> [Problem to work on]: The whole listing below is to be copied exactly, with every picture left out.

> [Dataset section]:
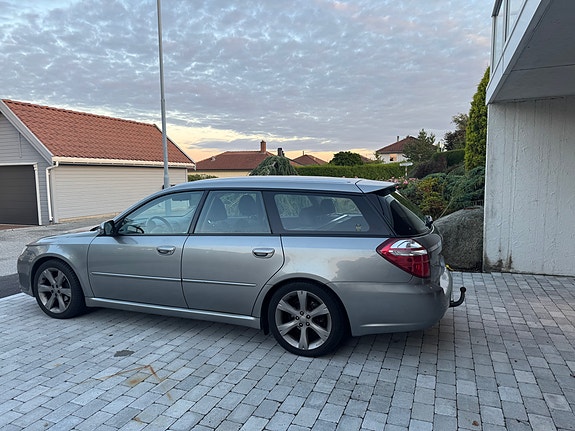 Subaru Legacy 8 of 22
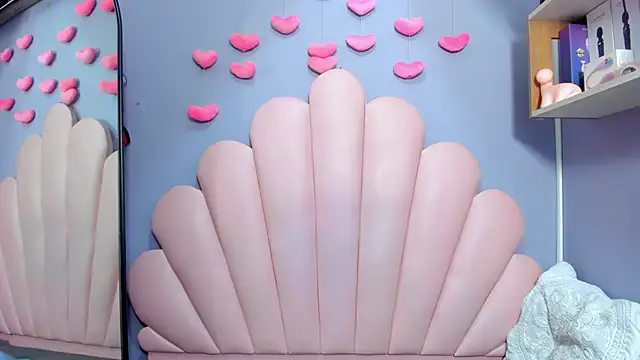 luci miller online show from 03-31-26, 03:19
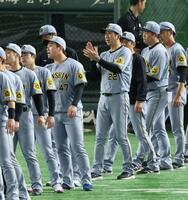 　手をたたいてナインを迎える藤川監督（撮影・金田祐二）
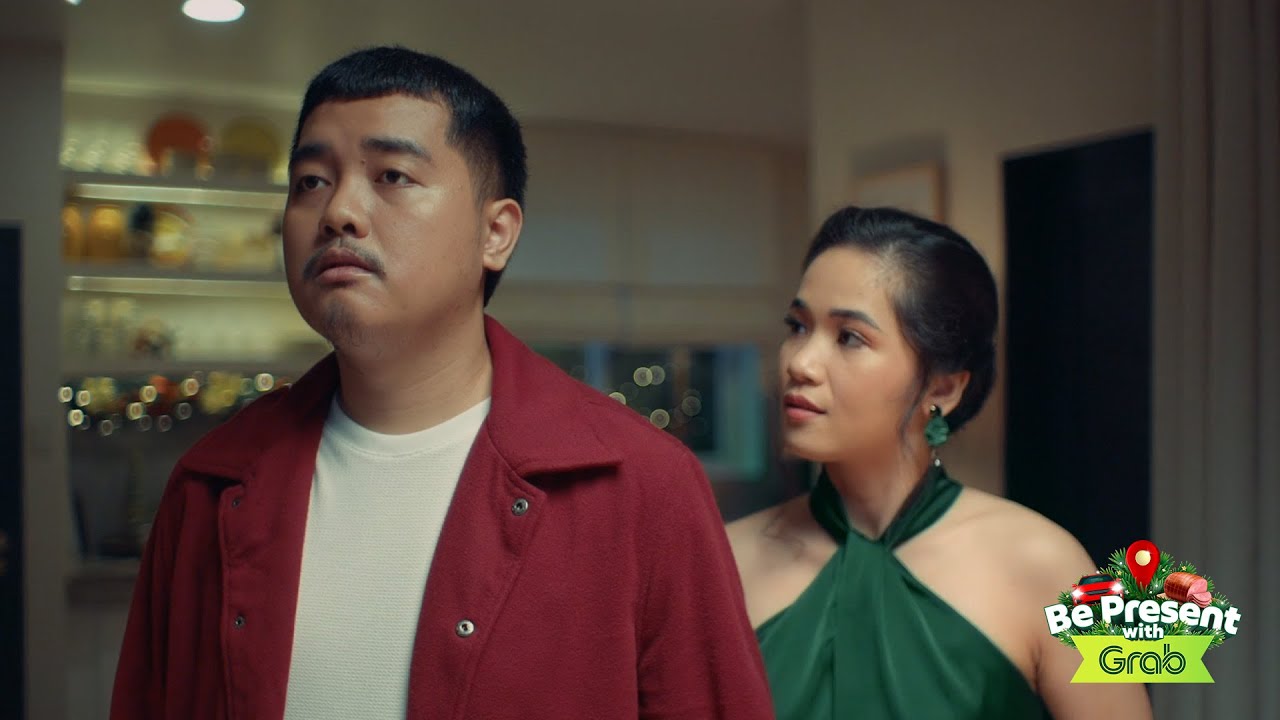 Book one car for up to 4 stops with GrabCar Group Rides!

> [Solution to this task]:
 Subaru Legacy 8 of 22
 luci miller online show from 03-31-26, 03:19
 　手をたたいてナインを迎える藤川監督（撮影・金田祐二）
 Book one car for up to 4 stops with GrabCar Group Rides!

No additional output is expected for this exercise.